I'm trying to iterate over a directory which contains loads of PHP files, and detect what classes are defined in each file.
Consider the following:
$php_files_and_content = new PhpFileAndContentIterator($dir);
foreach($php_files_and_content as $filepath => $sourceCode) {
// echo $filepath, $sourceCode
}
The above $php_files_and_content
variable represents an iterator where the key is the filepath, and the content is the source code of the file (as if that wasn't obvious from the example).

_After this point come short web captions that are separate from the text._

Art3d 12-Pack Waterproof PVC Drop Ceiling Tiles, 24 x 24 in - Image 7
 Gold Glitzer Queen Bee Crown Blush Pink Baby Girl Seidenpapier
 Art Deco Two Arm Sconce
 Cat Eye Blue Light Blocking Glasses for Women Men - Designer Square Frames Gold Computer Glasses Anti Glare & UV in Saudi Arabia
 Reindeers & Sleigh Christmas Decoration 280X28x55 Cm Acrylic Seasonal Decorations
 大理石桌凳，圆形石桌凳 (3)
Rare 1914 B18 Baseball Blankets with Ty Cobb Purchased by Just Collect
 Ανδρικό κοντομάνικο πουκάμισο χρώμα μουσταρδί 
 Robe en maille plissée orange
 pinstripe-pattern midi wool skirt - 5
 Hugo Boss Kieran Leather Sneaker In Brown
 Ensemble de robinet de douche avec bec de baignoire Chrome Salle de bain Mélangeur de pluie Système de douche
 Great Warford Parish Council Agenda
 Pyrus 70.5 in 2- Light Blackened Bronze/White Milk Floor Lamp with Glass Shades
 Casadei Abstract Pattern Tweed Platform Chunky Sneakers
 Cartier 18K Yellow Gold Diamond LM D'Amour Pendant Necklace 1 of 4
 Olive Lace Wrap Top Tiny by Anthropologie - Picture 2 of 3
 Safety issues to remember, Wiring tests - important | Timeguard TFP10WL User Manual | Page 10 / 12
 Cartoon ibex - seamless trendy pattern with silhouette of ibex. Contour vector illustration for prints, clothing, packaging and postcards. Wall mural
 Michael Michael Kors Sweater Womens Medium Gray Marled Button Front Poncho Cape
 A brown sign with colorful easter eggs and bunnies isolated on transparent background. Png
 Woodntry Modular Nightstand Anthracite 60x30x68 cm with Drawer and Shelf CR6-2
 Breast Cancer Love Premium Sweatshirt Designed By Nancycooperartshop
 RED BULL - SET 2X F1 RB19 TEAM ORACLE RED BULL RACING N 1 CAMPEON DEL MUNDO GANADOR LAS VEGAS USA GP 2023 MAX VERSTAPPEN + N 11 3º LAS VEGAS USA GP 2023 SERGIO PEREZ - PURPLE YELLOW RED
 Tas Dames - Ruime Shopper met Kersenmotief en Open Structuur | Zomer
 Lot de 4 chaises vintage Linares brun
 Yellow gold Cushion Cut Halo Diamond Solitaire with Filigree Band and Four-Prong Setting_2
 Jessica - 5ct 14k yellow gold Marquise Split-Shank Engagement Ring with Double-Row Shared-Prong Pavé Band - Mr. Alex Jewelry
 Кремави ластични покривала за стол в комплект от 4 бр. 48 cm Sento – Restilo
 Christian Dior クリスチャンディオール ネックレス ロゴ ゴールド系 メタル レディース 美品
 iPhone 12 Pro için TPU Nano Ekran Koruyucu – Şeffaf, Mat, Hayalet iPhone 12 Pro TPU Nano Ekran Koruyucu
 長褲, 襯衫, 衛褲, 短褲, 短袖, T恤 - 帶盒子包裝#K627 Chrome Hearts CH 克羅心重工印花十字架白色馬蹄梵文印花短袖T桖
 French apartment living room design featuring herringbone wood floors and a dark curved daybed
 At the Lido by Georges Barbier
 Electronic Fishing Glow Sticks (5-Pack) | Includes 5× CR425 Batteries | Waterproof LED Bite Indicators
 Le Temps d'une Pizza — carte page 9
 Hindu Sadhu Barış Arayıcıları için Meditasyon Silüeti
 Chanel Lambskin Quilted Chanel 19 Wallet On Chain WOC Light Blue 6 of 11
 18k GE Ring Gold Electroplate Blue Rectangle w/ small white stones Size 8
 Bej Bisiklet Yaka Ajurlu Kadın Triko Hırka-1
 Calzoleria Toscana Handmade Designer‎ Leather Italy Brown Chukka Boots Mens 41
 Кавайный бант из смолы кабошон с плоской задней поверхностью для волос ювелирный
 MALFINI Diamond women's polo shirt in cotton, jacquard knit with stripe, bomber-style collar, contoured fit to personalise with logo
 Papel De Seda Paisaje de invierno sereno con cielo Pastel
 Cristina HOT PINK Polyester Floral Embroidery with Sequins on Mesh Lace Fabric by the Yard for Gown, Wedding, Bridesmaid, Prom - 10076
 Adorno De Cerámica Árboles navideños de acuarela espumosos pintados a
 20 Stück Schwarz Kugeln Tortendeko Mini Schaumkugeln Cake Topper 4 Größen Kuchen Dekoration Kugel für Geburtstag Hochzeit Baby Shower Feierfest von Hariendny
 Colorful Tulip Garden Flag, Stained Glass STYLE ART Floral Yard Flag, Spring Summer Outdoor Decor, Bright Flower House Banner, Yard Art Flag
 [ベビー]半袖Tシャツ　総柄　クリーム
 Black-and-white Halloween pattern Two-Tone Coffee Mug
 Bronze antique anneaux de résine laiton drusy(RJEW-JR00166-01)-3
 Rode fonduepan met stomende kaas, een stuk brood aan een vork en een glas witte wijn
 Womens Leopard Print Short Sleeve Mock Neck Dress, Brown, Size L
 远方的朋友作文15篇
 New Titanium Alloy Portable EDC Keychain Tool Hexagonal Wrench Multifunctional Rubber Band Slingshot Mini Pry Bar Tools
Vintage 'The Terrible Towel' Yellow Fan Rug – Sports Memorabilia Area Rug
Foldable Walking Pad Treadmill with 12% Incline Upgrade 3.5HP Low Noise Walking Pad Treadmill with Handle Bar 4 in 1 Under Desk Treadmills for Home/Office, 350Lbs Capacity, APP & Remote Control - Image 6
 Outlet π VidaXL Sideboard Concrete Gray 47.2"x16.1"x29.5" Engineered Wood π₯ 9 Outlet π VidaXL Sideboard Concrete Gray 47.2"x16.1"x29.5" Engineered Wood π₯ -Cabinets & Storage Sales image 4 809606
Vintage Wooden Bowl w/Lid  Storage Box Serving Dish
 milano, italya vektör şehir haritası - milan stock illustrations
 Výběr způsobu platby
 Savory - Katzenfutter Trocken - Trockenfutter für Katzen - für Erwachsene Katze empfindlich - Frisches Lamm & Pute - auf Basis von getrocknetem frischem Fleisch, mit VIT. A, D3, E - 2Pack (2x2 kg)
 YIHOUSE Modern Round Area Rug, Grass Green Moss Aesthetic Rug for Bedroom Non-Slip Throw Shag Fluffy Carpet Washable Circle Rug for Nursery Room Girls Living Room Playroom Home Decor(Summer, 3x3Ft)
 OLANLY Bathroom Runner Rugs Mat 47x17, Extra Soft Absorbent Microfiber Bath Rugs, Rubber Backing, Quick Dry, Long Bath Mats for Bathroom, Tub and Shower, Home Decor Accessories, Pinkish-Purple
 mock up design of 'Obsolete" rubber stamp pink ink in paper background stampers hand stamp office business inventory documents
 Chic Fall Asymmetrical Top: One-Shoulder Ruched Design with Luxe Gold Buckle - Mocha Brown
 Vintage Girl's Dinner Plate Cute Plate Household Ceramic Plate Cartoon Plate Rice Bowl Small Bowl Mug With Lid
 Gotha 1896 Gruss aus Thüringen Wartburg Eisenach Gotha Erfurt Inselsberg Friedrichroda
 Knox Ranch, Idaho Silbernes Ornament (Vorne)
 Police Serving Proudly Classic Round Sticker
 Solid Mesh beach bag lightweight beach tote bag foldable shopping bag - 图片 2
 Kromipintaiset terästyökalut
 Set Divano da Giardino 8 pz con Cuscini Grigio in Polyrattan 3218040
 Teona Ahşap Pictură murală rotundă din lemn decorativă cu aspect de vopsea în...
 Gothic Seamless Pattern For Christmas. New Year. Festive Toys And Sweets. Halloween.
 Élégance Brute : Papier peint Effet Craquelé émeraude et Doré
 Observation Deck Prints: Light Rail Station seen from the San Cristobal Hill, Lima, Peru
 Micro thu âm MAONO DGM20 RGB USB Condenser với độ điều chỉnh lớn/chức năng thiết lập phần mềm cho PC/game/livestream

This is then supplied into another iterator which will match all the defined classes in the source code, ala:
class DefinedClassDetector extends FilterIterator implements RecursiveIterator {
public function accept() {
return $this->hasChildren();
}
public function hasChildren() {
$classes = getDefinedClasses($this->current());
return !empty($classes);
}
public function getChildren() {
return new RecursiveArrayIterator(getDefinedClasses($this->current()));
}
}
$defined_classes = new RecursiveIteratorIterator(new DefinedClassDetector($php_files_and_content));
foreach($defined_classes as $index => $class) {
// print "$index => $class"; outputs:
// 0 => Class A
// 1 => Class B
// 0 => Class C
}
The reason the $index
isn't sequential numerically is because 'Class C' was defined in the second source code file, and thus the array returned starts from index 0 again. This is preserved in the RecursiveIteratorIterator because each set of results represents a separate Iterator (and thus key/value pairs).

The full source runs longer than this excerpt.